司徒威這一番鼓動,還真起了些作用,剛才惶恐不安的黨羽官員們,終於平靜下來。

這時更有不少司徒威的鐵桿死黨,如高元博等人,已經清醒過來,深知今日已是你死我活之局,他們這些人全無退路,已經徹底綁在司徒威的戰車上了。

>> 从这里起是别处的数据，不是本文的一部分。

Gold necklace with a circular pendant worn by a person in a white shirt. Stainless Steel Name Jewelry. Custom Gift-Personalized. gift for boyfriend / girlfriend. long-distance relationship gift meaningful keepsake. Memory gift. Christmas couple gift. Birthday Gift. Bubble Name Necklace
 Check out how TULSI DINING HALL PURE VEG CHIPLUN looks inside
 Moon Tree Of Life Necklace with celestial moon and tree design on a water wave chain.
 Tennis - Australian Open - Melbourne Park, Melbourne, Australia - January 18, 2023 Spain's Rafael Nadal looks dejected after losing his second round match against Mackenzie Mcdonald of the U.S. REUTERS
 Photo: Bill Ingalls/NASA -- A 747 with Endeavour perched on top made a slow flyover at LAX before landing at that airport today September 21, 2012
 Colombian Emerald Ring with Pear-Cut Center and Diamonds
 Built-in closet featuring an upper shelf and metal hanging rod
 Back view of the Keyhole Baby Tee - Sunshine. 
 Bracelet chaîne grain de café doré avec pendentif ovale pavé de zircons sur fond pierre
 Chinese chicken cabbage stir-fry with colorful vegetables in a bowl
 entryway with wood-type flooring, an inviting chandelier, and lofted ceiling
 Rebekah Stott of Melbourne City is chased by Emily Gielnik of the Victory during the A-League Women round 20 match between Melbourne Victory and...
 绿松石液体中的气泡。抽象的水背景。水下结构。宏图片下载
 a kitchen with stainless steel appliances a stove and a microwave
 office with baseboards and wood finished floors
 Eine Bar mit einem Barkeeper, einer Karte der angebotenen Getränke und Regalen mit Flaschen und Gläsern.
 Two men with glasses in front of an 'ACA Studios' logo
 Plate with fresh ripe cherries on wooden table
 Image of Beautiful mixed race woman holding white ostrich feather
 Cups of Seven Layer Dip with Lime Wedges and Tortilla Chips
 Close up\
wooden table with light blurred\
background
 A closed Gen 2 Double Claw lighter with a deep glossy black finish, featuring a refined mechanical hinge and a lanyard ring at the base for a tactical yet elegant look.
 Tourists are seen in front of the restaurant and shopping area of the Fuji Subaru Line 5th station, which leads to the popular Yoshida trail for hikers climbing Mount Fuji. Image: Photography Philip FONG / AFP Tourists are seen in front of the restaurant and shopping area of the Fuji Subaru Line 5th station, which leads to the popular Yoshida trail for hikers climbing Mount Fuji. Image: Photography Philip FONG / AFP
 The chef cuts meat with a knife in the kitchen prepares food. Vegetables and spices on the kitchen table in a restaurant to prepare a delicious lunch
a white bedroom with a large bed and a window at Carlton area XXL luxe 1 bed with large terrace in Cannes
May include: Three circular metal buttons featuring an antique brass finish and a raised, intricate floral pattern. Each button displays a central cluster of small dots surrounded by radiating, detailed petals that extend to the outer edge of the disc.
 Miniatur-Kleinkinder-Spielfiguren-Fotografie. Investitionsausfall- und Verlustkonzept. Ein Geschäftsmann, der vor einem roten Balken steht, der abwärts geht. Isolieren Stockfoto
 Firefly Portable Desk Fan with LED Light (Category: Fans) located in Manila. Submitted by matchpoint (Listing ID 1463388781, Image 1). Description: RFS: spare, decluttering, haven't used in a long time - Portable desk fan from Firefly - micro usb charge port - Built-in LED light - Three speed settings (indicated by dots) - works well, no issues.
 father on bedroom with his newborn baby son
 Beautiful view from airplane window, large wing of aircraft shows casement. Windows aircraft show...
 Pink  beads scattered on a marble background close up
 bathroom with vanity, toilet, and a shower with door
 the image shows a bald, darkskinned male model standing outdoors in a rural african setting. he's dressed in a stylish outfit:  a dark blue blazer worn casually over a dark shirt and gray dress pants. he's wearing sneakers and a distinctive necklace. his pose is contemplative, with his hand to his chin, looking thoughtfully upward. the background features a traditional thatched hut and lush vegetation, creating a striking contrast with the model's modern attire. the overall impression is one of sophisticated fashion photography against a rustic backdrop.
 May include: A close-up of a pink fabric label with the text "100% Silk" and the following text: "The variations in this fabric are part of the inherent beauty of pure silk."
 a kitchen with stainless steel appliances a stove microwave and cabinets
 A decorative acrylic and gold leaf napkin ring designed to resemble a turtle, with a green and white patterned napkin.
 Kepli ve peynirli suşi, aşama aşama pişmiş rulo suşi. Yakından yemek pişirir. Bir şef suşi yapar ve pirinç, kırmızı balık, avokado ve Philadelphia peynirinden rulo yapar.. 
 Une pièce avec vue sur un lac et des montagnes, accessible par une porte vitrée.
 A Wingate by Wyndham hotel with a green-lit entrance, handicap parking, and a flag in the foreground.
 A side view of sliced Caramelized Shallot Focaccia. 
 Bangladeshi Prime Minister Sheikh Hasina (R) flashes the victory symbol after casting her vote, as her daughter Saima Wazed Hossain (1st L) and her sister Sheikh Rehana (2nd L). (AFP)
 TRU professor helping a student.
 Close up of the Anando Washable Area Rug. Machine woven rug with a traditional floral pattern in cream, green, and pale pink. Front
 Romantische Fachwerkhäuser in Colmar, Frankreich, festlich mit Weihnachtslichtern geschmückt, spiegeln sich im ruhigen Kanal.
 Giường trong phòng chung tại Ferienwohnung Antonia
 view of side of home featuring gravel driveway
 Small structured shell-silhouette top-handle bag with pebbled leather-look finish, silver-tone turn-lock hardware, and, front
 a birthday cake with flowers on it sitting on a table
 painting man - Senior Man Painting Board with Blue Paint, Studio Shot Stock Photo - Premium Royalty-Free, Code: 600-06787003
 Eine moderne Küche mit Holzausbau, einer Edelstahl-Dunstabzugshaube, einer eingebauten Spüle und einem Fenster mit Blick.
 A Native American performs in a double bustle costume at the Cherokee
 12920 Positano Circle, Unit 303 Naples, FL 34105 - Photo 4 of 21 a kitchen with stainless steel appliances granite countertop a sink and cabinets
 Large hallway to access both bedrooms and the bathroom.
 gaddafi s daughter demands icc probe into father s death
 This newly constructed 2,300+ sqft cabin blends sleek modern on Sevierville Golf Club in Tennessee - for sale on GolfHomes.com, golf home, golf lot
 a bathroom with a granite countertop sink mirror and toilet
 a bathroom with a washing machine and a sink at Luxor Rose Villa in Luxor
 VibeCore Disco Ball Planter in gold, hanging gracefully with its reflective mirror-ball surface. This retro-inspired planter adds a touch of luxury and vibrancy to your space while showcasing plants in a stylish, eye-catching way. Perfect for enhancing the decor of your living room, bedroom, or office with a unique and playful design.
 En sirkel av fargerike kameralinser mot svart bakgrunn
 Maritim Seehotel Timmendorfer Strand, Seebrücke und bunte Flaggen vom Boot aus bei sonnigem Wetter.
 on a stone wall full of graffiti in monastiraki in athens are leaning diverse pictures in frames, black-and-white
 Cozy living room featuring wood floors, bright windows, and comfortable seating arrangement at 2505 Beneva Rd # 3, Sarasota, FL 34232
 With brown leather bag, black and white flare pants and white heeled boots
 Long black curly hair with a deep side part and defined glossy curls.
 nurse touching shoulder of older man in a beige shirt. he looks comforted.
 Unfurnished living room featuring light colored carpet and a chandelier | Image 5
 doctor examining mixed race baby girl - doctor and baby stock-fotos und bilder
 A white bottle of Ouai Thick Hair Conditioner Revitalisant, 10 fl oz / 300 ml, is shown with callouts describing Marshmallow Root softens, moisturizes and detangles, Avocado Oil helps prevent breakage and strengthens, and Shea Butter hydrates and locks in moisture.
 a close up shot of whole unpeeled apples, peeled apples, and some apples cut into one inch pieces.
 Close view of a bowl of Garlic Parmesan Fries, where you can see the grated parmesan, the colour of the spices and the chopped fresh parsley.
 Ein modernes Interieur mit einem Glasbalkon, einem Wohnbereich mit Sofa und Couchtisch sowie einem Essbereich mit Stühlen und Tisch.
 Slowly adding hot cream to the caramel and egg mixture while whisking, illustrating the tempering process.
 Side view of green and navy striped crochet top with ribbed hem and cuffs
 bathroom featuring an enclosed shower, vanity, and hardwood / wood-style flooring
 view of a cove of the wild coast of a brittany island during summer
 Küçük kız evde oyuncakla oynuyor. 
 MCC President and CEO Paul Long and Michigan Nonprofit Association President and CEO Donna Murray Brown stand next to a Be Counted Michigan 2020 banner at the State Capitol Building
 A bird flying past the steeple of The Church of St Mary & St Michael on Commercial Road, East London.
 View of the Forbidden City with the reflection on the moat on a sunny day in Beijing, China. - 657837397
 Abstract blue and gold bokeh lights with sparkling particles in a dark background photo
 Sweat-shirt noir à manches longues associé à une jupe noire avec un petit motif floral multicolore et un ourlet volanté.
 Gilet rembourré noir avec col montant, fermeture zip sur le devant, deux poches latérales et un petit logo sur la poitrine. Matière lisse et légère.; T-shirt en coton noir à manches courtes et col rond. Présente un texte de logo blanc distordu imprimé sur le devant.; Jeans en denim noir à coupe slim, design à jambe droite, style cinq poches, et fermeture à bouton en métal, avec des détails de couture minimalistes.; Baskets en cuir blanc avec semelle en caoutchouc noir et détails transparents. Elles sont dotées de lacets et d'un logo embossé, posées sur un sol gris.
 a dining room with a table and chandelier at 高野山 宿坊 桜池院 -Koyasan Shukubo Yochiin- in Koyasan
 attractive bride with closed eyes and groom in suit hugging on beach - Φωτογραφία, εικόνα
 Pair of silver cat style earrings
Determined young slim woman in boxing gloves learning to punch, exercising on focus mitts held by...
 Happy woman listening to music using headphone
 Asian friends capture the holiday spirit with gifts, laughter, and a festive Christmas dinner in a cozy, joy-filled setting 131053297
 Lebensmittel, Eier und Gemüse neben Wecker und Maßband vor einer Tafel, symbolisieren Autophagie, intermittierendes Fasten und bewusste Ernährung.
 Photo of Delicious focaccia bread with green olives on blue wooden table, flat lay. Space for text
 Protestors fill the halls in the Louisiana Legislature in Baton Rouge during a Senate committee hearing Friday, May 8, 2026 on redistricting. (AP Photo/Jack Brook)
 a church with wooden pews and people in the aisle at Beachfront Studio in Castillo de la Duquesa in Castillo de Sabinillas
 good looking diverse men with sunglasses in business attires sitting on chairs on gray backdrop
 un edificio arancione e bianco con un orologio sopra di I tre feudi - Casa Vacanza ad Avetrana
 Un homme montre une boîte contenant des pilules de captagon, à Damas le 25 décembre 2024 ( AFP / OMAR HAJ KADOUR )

想通這一點,他們不僅不怕了,反而還紛紛叫嚷,主動詢問司徒威有什麼地方能幫忙。

見他們如此,司徒威也挺感動,不過還是請他們先去偏廳等候。司徒威深知,這些人和自己一樣,玩陰謀詭計絕對一流,但這樣真刀真槍的陣仗,要他們幫忙,純粹自找麻煩。

當然婉拒之時,這樣的原因沒法說出口。

司徒威只是大義凜然地告訴他們,說他們這些人,身份高貴,才華卓絕,將來還要起大作用,所以今天這種小仗,不能輕易讓他們冒險。還是先去偏廳輕鬆喝茶,等待將士兒郎們得勝的訊息即可。

聽了司徒威這一番話,本就鐵了心跟隨的高元博等人,更是心中感動。他們徹底下定決心,要死心塌地跟著司徒威幹到底。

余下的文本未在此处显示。